Эта ситуация афористическое выражение находит в неожиданном месте – рассказе Киплинга, где немец-дрессировщик говорит обезьяне: «Слишком много эго в вашем космосе».
В ближайшее соседство к «Годунову» просится «Лолита». То, что это не лучшее сочинение Набокова, может сказать каждый, читавший «Дар» и «Приглашение на казнь». Это вещь на уровне «Камера обскура», да последняя, если угодно, искуснее, потому что Магда всё-таки не Лолита: Лолита почти неразличимо упрятана в умершей дочке Кречмара – подлинном объекте его нечистых стремлений. Но писатель – тоже человек, так же жалок и подл, как мы, и ему хочется иногда выступить если не в жанре прямоговорения, то на самой его грани. И если автор всё же прямо не говорит, то проговаривается. Такова «Лолита».

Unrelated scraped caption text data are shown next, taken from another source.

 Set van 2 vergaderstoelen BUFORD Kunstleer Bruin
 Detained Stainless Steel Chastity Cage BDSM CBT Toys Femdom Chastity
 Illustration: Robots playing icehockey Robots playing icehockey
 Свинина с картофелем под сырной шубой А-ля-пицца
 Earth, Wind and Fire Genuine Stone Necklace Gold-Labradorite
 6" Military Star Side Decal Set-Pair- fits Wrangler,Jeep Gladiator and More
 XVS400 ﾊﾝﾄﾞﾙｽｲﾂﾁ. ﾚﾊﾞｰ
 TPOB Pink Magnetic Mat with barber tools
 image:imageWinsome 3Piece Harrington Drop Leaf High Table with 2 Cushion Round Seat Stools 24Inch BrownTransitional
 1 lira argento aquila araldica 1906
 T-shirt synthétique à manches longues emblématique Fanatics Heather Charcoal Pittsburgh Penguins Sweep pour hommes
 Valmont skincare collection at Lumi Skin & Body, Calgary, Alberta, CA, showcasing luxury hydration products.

Что в этом контексте следует сказать о «Докторе Живаго»? Прежде всего, в художественном отношении он много ниже и «Бориса», и «Лолиты». Таковые переоценены их авторами, но отнюдь не провал. А «Доктор Живаго» – вещь провальная, если не на сто процентов, то по крайней мере с девятой главы второй книги, когда она становится неудобочитаемой, вызывающей неловкость в читателе, что-то вроде стыда за автора – за гениального Пастернака. Недаром же Ахматова сказала, что роман страницами писался Ольгой (Ивинской). В книге нет ничего, кроме пейзажей и стихов – или описания поэтической работы. Это поистине роман без героя, без героев. Это как в отзыве Цветаевой о «Лейтенанте Шмидте»: герой поэмы – не титульный персонаж, а ветер. Но в прозе, в романе такой метонимией не обойтись.
Известная работа Якобсона о прозе поэта Пастернака вышла из «Охранной грамоты», она идет за самим Пастернаком как в его самораскрытиях, так и в характеристике Пастернаком Маяковского. Маяковский, говорит Пастернак в «Охранной грамоте», – это лирическая стихия, естественно ставшая темой, «имя автора как фамилия поэмы», то есть Я, ставшее миром (что Якобсон называет метафорой). У Пастернака – ровно наоборот: мир, подменивший Я, одушевление и первое лицо самой стихии, стихий (это Якобсон называет метонимией). Основная мысль Якобсона: «Для метафоры линию наименьшего сопротивления представляет поэзия, для метонимии – такая проза, сюжет которой или ослаблен, или целиком отсутствует».
Вот и объяснение неудачи «Живаго». В стихах Пастернаку удавалось заставить мир говорить от и вместо первого лица, одушевить стихию, привести на митинг деревья и здания. Это и есть поэт Пастернак. Но как в прозе, в романе, заведомо сюжетном, фабульном, сделать лес или солнце индивидуализированным персонажем, наделенным, скажем, психологией? В «Докторе Живаго» у героев нет не только психологии, у них нет даже внешности. Какие, например, глаза у Лары? Живаго – круглолиц и курнос, и это всё. Уж лучше Омар Шариф.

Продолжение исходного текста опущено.